MATERIAL TO PROCESS below:
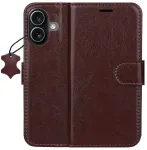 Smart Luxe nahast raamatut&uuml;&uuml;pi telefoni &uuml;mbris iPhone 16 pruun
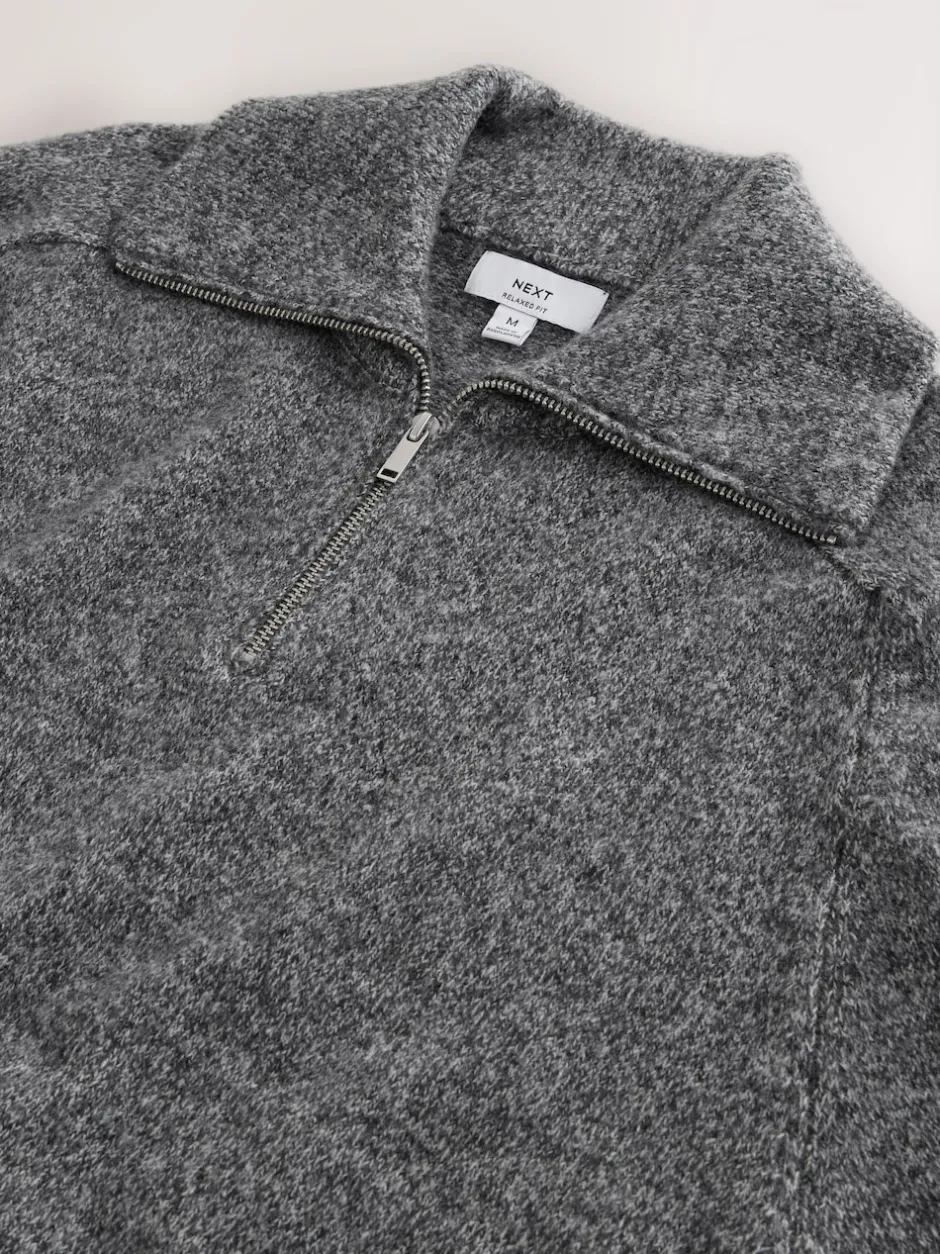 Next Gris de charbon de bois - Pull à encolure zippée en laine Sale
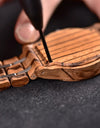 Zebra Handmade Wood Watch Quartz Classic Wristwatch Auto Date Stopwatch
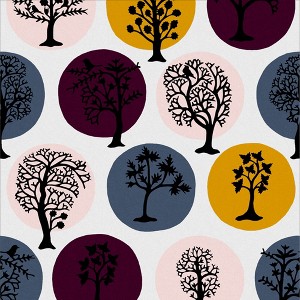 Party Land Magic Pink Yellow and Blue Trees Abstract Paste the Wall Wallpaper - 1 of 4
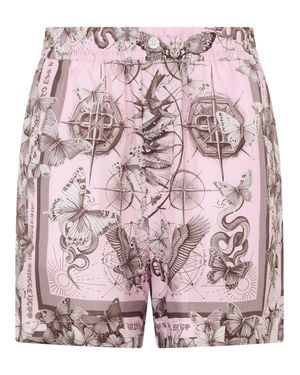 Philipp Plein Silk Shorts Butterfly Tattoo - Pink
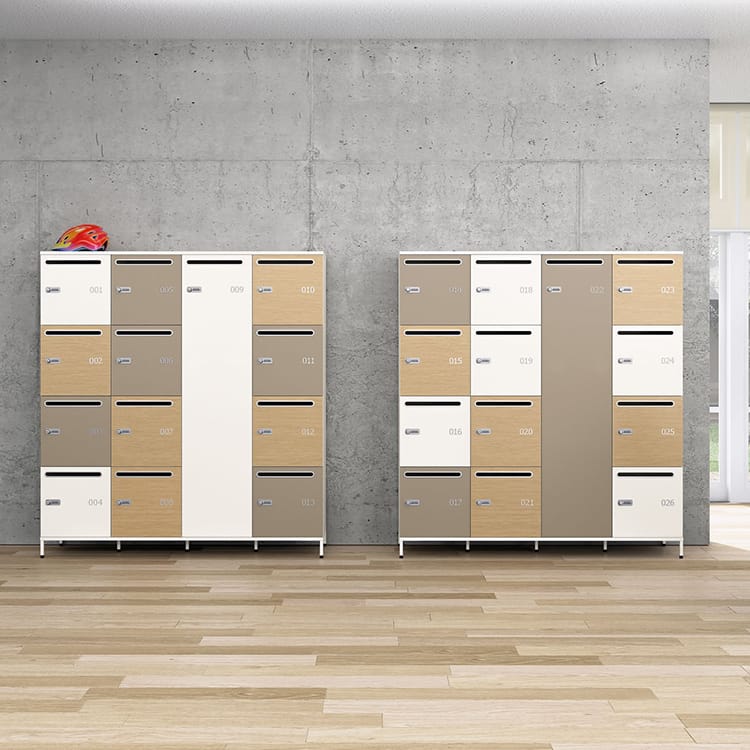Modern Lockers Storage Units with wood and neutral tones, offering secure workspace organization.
End of MATERIAL TO PROCESS.
TRY IT
Please repeat exactly the lines from the one containing "Party Land Magic" through the last line of the records, both included, and leave out the pictures.

PROBLEM SOLUTION
 Party Land Magic Pink Yellow and Blue Trees Abstract Paste the Wall Wallpaper - 1 of 4
 Philipp Plein Silk Shorts Butterfly Tattoo - Pink
Modern Lockers Storage Units with wood and neutral tones, offering secure workspace organization.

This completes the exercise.